I think what keeps it all together is that we have a basic, no frills approach to our sound. Every song on the EP is double tracked with an SG and a Les Paul going through the same Marshall with nothing else going on but the drums, bass, and vocals. I think part of the mission of the band is to have no real musical agenda other than to express ourselves freely and keep it as sonically straightforward as possible. If we can sound diverse through that framework, then we’ve done our job.
What’s your creative process like?
It’s a pretty organic process I would say. I normally have a few riffs and arrangement ideas in my back pocket since I tend to play guitar almost every day. Once I show them to other guys, the songwriting process starts belonging to everyone. They start to contribute with their ideas and we’ll jam for a few weeks until we have an entire song. I also record every practice so I can further work and refine things away from the jam space. As we fIesh the songs out I start singing randomly over parts and slowly those melodic ideas start sticking until they become lyrics. Randy our drummer also has a catalog of beats he’s written, so sometimes we’ll start writing a song based on something he wants to work on.
What were biggest challenges you faced when working on the EP?
Our original bass player Jason had left the band prior to completion, so Ben had to step in and learn the material before laying down tracks. It’s an uphill climb to learn and record these crazy arrangements, but he did an absolutely fantastic job. The vocals were also challenging because trying to put forth the best performance usually means having to hammer things out over weeks to make sure I’ll be happy with the result. I think the human voice is the least cooperative of all the instruments.
Have you managed to make any new discoveries during the creative and writing processes of the EP?
Our band has always had a very similar writing approach to our music and that didn’t change with this particular recording. Speaking for myself, if I did make a discovery it’s that I’d like to start writing more tunes with strong vocal parts already in mind. We tend to be more of an instrumental band, so the music almost always comes first.
I found the artwork of the EP pretty interesting. What do you try to express with it?
Our good friend Kyle Tompkins, who now runs a guitar pedal company called Blackout Effectors, used to do all our artwork for fliers and CDs. He’s been really busy running his business and playing in his own bands, so I plucked the artwork from an old flier he did. I liked it because it features these disparate elements in a striking way. It merges beauty, ugliness and trippiness which is a great representation of our music.
“The fusion of intelligent guitar work, dizzying rhythms, and impassioned vocals provide an aural page-turner for those who seek substance in their music.” That’s one hell of a description. Elaborate on it.

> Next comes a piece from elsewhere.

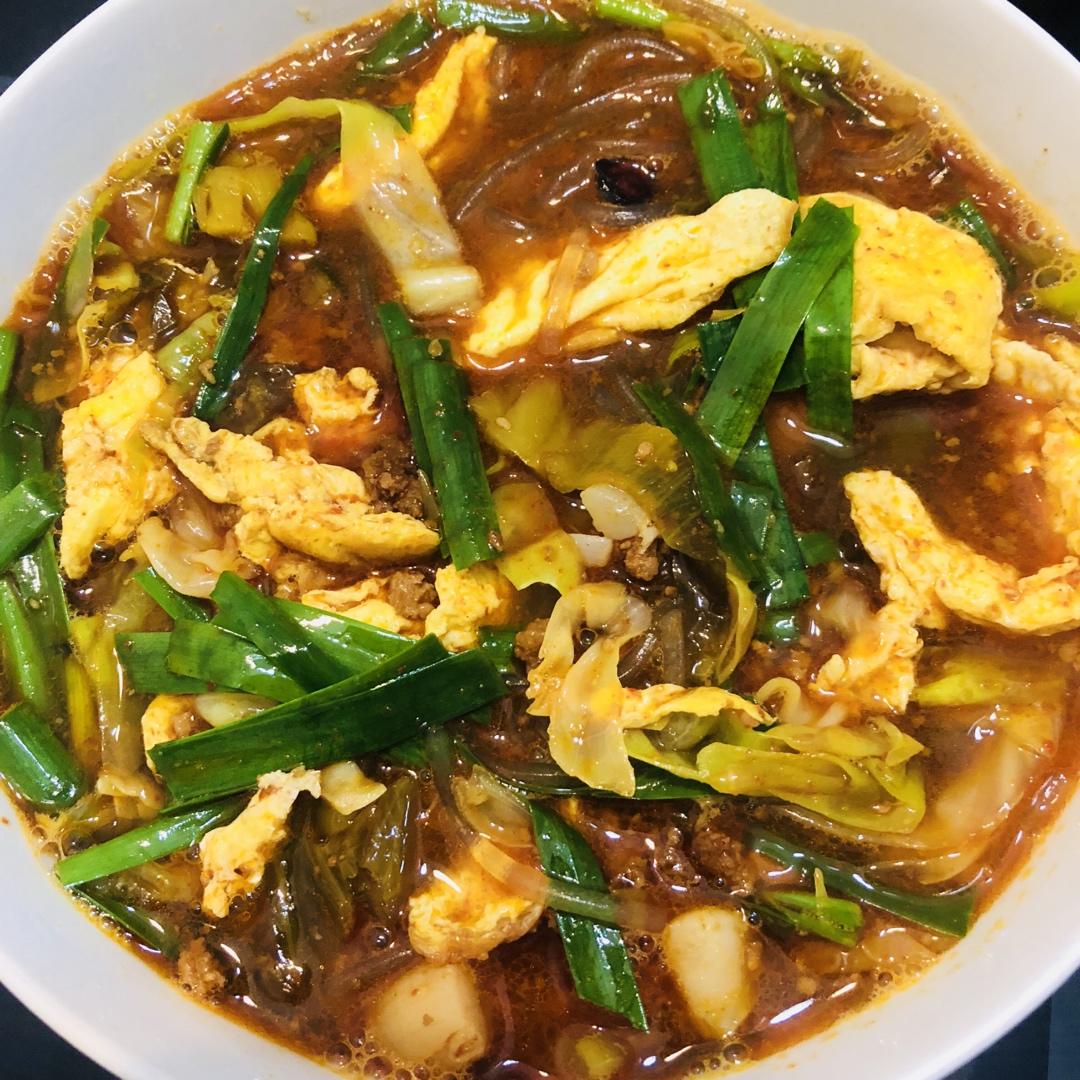 正宗云南小锅米线（参照老字号燕姨小吃）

That statement is just a flowery way of saying “get ready for this crazy whirlwind of a musical experience.” Our music forces you to engage with it because to really enjoy it, I think it demands your attention. But if you’re someone who loves music that is busy and involved, I think you’ll find it very rewarding.

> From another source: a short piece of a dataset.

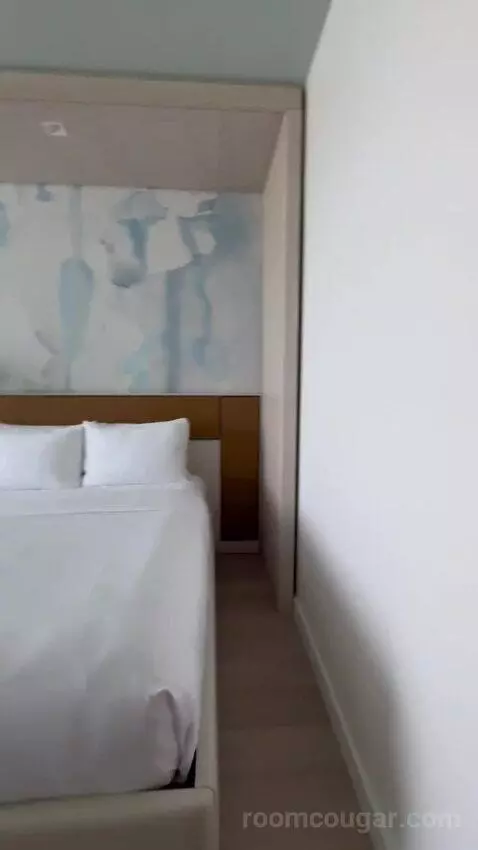 Queen Room with Two Queen Beds and Pool View (#662) bed picture #4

What are bands or musicians influenced your job at the most?
I think as a band we channel a lot classic Rush, Sabbath and Zeppelin but with a strong injection of thrash, punk, jazz, hardcore and indie/experimental rock. ELP, Slayer, Black Flag, Don Caballero, Genesis, Iron Maiden, DRI, Metallica, Jeff Buckley…all those bands and many more get some sort of subtle shout out in what we do.
What does an Under concert look like?
It probably looks very boring, haha. It’s really just three dudes trying to grind out these crazy songs. When I’m not singing or playing something really busy, I find some time to whip the mane around and make some guitar playing faces. Based on the last video I saw, I think Randy might be the most interesting guy to look at. He’s like an thundering octopus on the drums back there.
What do you guys do in your free time?
Well, I think I speak for the other guys when I say there is never a lot of free time. So, if we didn’t spend those moments working or thinking about music, it would be a very different sounding band I’m sure. Some people like to hike, some like to travel, some like to play sports….we write and play rock ‘n’ roll.